The Smithsonian National Air & Space Museum welcomed the Boeing S-307 Stratoliner to its new home, the Steven F. Udvar-Hazy Center. Originally built in the late 1930s, the four-engine Stratoliner was the world's first pressurized passenger airplane, allowing it to fly at altitudes of 20,000 feet, which was unprecedented for that era.
The sole survivor out of less than a dozen Stratoliners, the Clipper Flying Cloud led a rather glamorous life. Starting out as one of Pan American's fleet in 1940, the aircraft ultimately had 45 passenger seats. During World War II, the Clipper Flying Cloud was flown in South America under the direction of the U.S. Army Air Forces. The Stratoliner later fell into the hands of a notorious Haitian leader, "Papa Doc" Duvalier, who used it as an executive transport.

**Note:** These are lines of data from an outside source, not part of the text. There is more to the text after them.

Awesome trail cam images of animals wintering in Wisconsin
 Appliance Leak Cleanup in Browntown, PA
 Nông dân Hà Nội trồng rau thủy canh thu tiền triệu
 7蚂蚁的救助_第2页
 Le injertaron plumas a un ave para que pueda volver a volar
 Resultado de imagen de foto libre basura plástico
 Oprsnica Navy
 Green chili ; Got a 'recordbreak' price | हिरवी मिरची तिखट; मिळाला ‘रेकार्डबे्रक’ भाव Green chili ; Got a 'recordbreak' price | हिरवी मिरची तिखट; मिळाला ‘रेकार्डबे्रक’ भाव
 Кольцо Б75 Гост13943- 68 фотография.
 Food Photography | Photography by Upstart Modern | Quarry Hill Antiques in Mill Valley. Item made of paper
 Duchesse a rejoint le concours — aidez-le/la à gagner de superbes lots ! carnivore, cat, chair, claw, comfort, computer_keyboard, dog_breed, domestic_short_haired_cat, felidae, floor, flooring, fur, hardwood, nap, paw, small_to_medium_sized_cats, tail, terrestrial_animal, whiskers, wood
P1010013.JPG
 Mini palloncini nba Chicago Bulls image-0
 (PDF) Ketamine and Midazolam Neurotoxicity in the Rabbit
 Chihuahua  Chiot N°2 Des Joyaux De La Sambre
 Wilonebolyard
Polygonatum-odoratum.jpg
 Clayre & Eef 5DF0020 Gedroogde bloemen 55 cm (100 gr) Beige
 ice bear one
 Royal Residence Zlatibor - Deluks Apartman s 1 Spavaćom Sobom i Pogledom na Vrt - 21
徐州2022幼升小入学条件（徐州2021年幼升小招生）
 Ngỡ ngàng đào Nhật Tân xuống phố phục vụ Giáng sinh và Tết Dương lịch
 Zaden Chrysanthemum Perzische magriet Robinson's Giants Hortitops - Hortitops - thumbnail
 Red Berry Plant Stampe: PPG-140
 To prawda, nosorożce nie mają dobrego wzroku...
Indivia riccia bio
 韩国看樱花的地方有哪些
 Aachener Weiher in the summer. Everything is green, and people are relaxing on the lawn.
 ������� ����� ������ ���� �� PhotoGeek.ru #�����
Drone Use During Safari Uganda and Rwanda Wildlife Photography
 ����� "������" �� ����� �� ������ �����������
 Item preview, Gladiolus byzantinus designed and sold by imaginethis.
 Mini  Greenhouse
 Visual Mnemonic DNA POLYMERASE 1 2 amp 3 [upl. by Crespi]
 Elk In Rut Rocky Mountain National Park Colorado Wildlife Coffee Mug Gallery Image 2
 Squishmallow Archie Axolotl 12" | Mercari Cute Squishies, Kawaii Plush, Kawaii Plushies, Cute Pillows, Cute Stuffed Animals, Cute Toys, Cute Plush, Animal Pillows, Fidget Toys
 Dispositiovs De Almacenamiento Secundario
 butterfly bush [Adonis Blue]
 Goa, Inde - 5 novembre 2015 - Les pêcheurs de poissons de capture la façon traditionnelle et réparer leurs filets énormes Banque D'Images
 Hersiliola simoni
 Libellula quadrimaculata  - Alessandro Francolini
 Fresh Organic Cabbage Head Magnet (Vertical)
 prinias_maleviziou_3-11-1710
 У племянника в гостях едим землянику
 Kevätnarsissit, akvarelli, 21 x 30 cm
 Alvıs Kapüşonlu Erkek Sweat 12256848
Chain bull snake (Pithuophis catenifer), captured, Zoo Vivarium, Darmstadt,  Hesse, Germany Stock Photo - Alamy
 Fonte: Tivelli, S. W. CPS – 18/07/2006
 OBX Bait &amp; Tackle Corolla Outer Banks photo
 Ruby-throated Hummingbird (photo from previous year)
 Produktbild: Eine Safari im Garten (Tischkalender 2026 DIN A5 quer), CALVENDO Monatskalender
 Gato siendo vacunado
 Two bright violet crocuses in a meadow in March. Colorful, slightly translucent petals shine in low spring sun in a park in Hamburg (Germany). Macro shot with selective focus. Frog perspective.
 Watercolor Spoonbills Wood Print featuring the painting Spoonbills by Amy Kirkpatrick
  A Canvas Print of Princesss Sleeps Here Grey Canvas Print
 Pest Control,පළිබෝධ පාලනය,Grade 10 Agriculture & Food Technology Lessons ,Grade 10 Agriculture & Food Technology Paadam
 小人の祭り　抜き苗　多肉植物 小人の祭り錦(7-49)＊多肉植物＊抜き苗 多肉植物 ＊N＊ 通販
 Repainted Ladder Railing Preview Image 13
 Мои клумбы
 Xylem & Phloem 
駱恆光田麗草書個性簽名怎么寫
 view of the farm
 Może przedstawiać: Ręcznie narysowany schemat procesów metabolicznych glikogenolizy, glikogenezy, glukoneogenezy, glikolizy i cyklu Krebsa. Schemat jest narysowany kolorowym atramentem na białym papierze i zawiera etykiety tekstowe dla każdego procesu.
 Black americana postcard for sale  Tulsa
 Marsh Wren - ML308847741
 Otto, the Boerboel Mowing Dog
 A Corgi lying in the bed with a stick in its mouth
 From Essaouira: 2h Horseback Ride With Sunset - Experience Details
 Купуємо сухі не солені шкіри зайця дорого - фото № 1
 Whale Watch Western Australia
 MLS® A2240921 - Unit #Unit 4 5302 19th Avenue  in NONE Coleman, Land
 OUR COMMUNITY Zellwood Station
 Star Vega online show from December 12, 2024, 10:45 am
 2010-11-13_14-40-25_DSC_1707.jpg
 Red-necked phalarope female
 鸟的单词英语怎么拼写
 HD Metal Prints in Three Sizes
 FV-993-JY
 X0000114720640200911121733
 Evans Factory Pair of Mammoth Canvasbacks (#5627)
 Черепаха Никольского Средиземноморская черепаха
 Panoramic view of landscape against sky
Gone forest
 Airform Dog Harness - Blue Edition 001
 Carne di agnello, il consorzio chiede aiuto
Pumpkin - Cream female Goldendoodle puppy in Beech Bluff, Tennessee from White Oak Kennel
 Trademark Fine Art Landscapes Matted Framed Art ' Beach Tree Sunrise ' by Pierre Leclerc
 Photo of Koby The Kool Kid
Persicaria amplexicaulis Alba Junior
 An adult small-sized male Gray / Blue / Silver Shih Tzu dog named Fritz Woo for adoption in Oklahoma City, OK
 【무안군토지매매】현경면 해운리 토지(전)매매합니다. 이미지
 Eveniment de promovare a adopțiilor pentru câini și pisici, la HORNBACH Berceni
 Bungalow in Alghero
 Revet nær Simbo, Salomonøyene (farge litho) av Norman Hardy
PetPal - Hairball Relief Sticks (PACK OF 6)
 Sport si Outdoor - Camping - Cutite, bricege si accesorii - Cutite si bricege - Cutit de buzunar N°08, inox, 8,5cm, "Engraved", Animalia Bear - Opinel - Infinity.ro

Eventually, the airplane wound up at a boneyard in Arizona, where, in 1969, a curator from the Smithsonian recognized it and immediately acquired the airplane for the museum, saving it from being converted into a fire bomber. In the late 1990s, the airplane was brought to Seattle, where volunteers at Boeing, along with former Pan Am employees, spent six years rebuilding and restoring the Stratoliner back to its original glory.